Romancing the Stone / The Jewel of the Nile Robert Zemeckis / Lewis Teague

The ’80s were dominated by the rom-com and one of the biggest couples of the decade was Michael Douglas and Kathleen Turner. Though they’ve lost that sparkle with age (check the extras to see what I mean), 20 years ago there wasn’t a more dominant and likable couple on the silver screen. Evidence can be found in Romancing the Stone and its sequel, The Jewel of the Nile — a double doozy set that lifted each actor, as well as Danny DeVito, onto Hollywood’s A-list. Stone may be the stuff that lonely, Harlequin Romance-reading housewives dream up, but the rom-com-actioner is surprisingly just as fun today as it was 22 years ago. Turner plays Joan Wilder, a romance novelist in need of some adventure. Luckily, her sister is kidnapped in Colombia and she sets off to pay the ransom and rescue her, meeting an adventurer named Jack Colton (Douglas) along the way. The pair gets involved in a triangle that involves saving Joan’s sister, finding the stone and of course, falling in love. You know the rest. It might be written off as a fluff film but look closer and you’ll see a rare occurrence — both Douglas and Turner share the heroic duties. Yes, no Schwarzenegger or Stallone figures here; it’s Michael Douglas and Kathleen Turner fighting Colombians and wrestling crocodiles hand in hand. And let us not forget DeVito’s Ralph, who provides some valuable support with absurd comic relief. Jewel followed a swift one year later and though a sequel was a great idea, it feels like a rushed project (possibly because Stone screenwriter Diane Thomas wasn’t onboard). This time they go to Morocco, where Joan is swept away by a (dangerous) stranger to end her writer’s block. Jack and Ralph follow close behind and action and romance ensues.
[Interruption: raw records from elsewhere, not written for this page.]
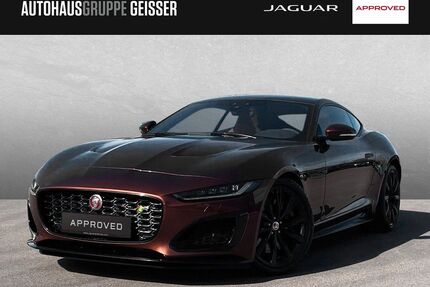 Jaguar F-Type Gebrauchtwagen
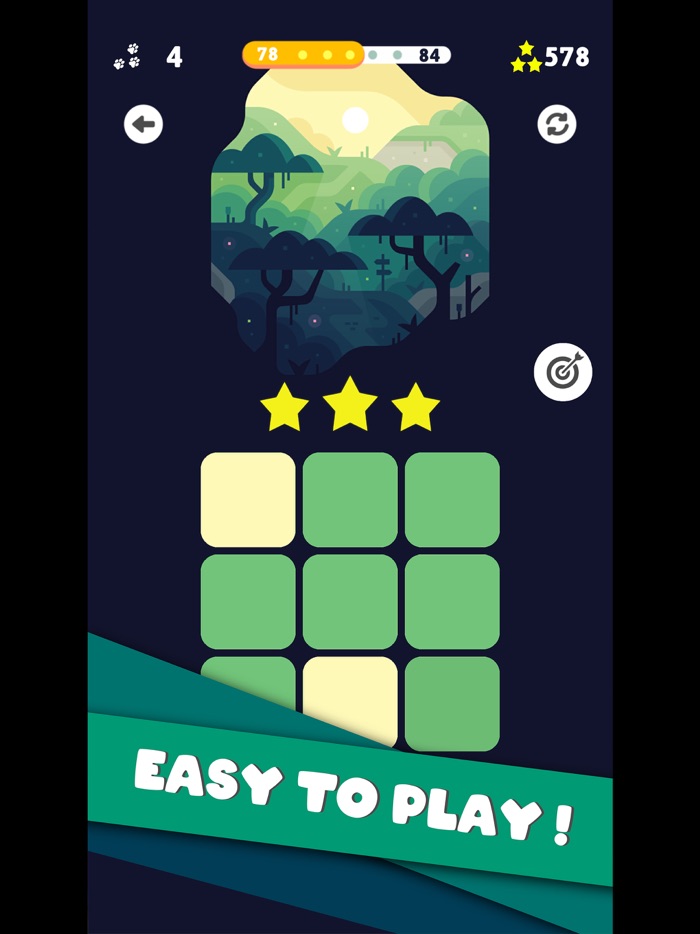 Color Bar - One Color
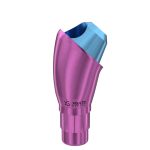 45° Multi-Unit Abutment D-Type GH 2.5 mm for Straumann® BL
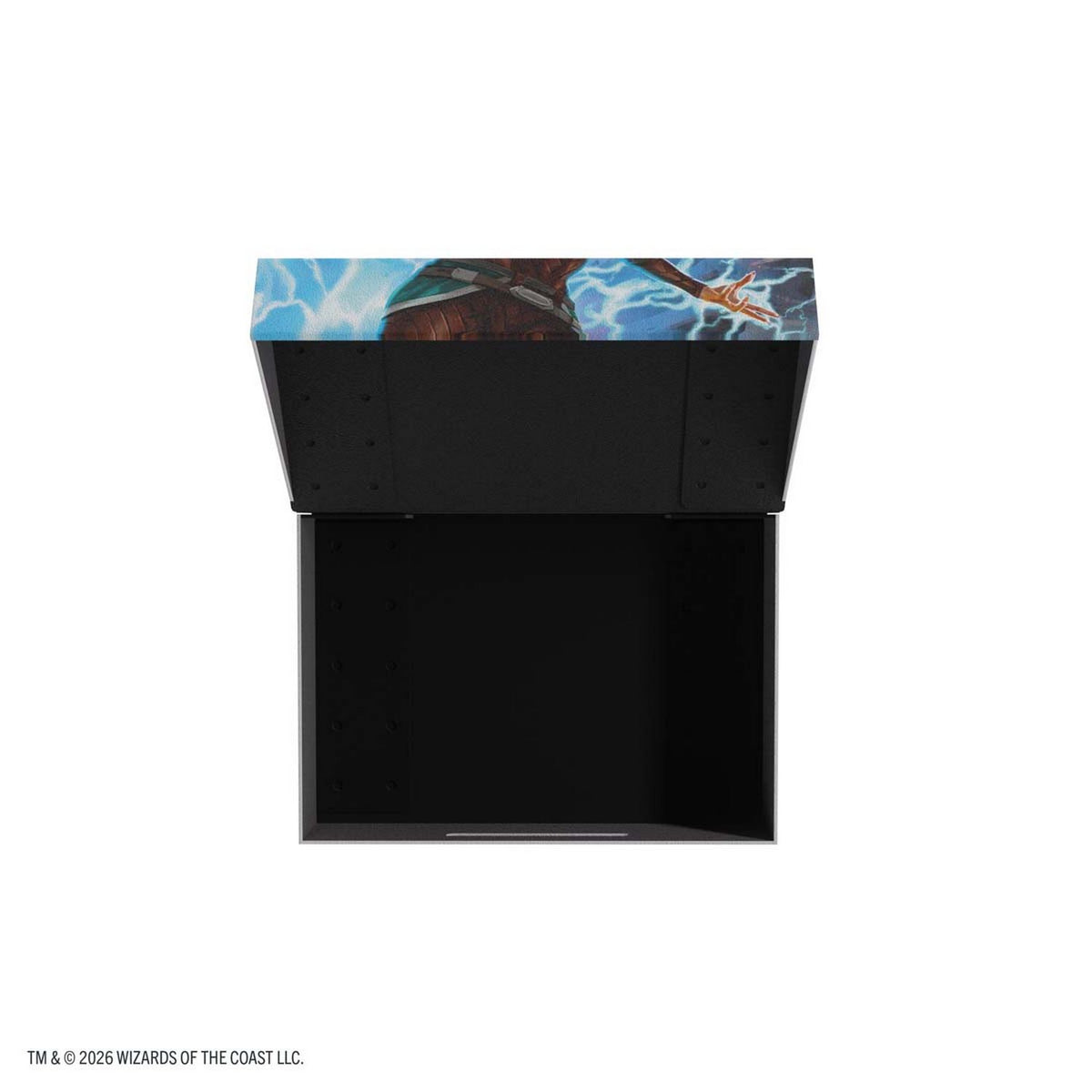 Gamegenic: Magic the Gathering Reality Fracture Soft Crate 100+ XL (Tam, the Possibility / Jace, Reality Sculptor)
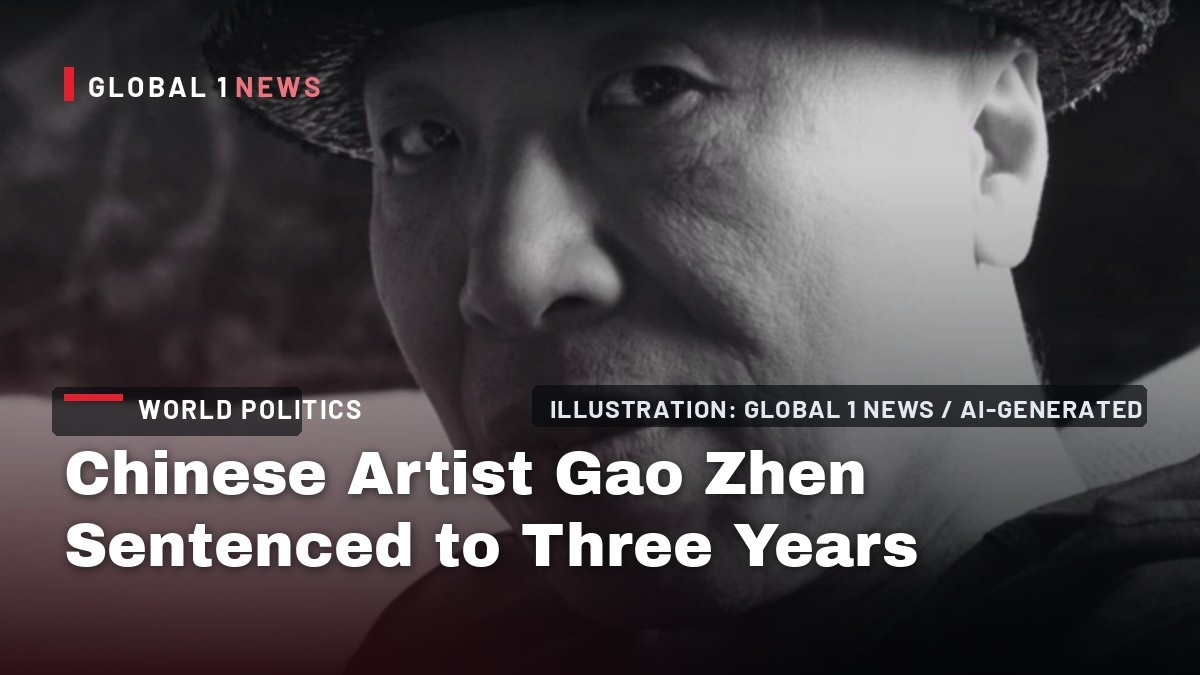 Chinese Artist Gao Zhen Sentenced to Three Years Over Satirical Mao Sculptures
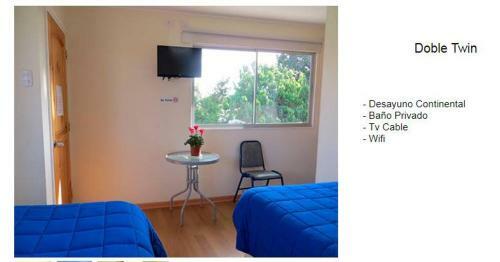 Hotel Soberania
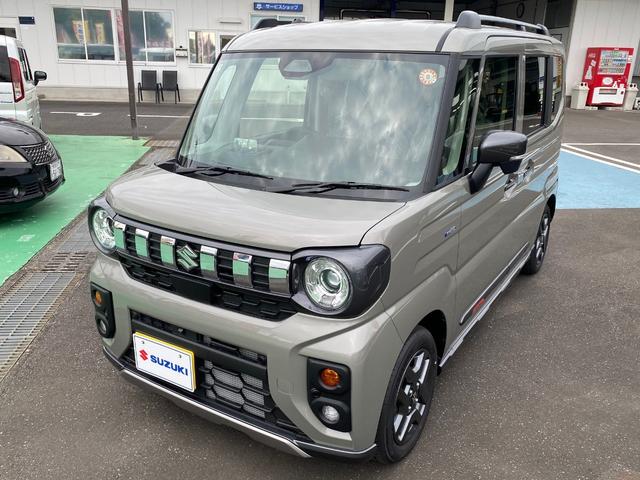 Suzuki SPACIA GEAR 2025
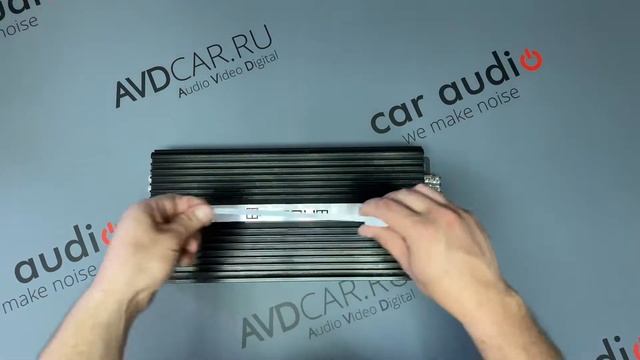 Усилитель MAGNUM MAM 4.120BS смотреть онлайн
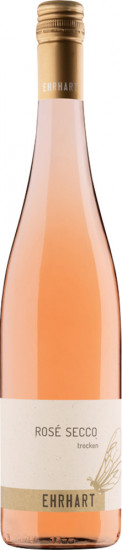 2025 Rosé Secco trocken Bio - Weingut Ehrhart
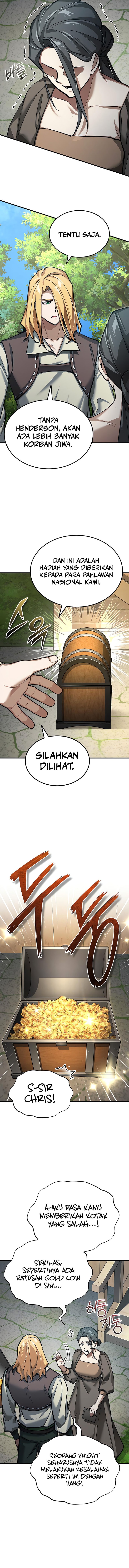 The Heavenly Demon Can’t Live A Normal Life - Pendirian Seorang Komandan - Page 16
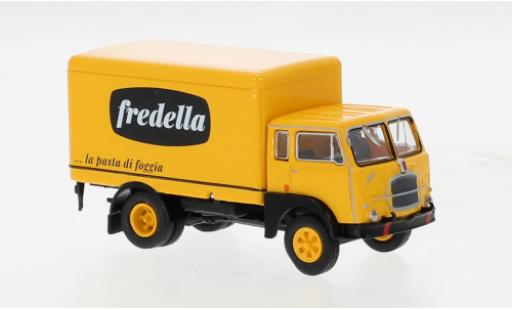 Modellautos Fiat 642 1/87 Brekina Starline wagon conteneur Fredella 1962 Fiat 642 1/87 Brekina Starline wagon conteneur Fredella 1962 modellautos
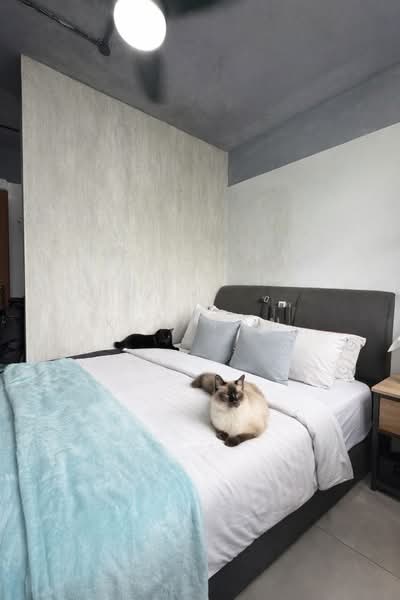 494E Tampines Street 43, 494E Tampines Street 43, 2 Bedrooms, 721 sqft, HDB Flat For Sale, by Kai Tan, 500110051 - Bedroom - PropertyGuru.com.sg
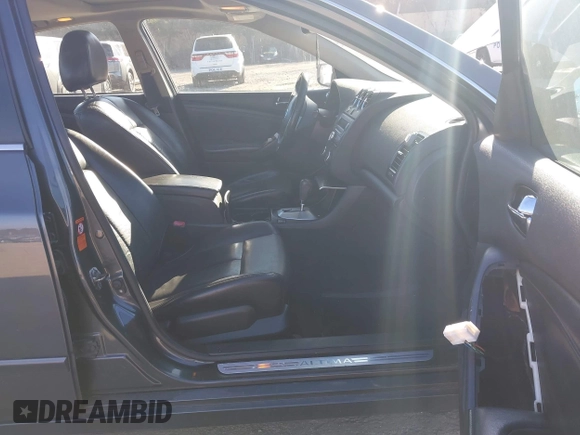 2009 Nissan Altima S with VIN 1N4AL21E29N546807, listed as a IAAI auction lot 41879880 with 119,807 mi miles and . Bid and sale history available at DreamBid. Image 5.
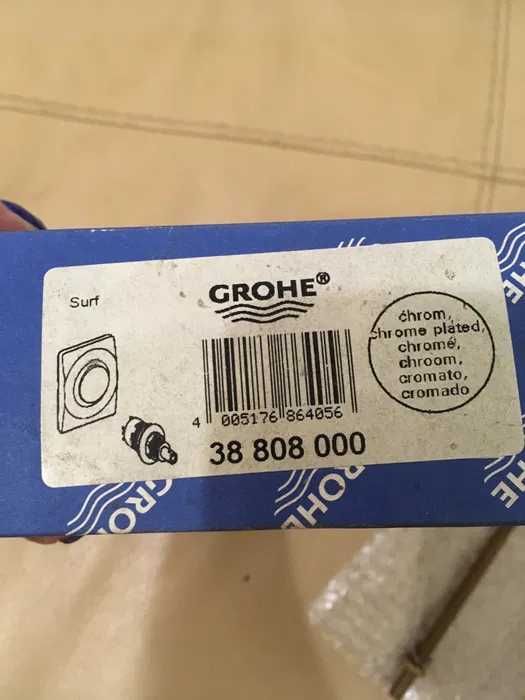 Накладна панель змиву для пісуару Grohe Surf 38808000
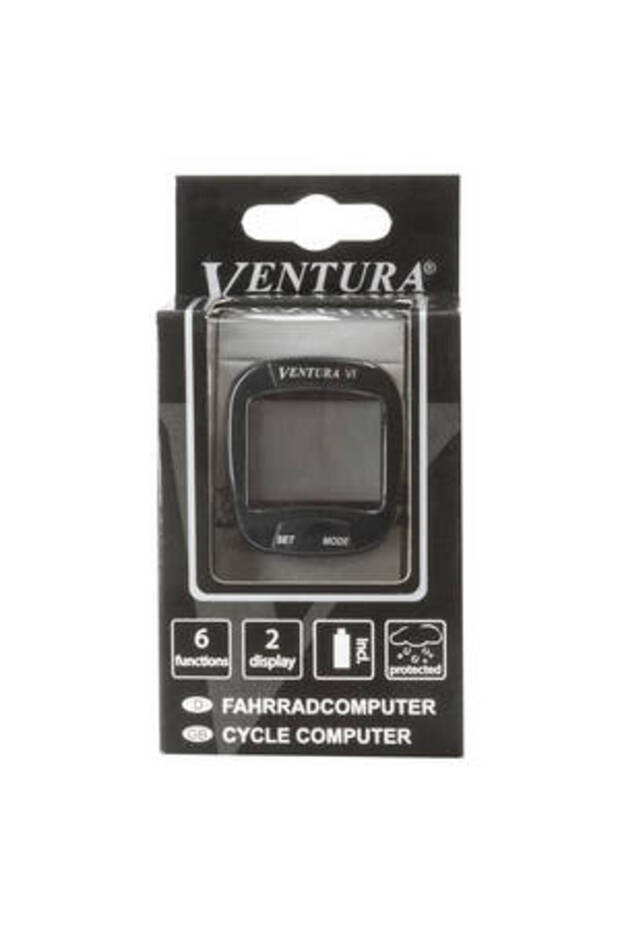 Bicycle Computer "vi" 6 Functions - 3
Unfortunately, the sense of adventure isn’t as urgent. Where Stone feels like a pleasurable whirlwind, Jewel is more of a sufficient light gust of wind. Both DVDs are filled with featurettes: there’s a "look back” at each film with exclusive cast and crew interviews; a ridiculously quick chat with Douglas, who shares his fond memories; the three stars relive their favourite scenes; and more. Jewel offers up a commentary with Teague, who is enjoyable to listen to. He has great personality, some worthy memories and best of all, he’s not afraid to shut up for a whopping ten minutes straight and actually watch the film! Nice. Plus: deleted scenes. (Fox)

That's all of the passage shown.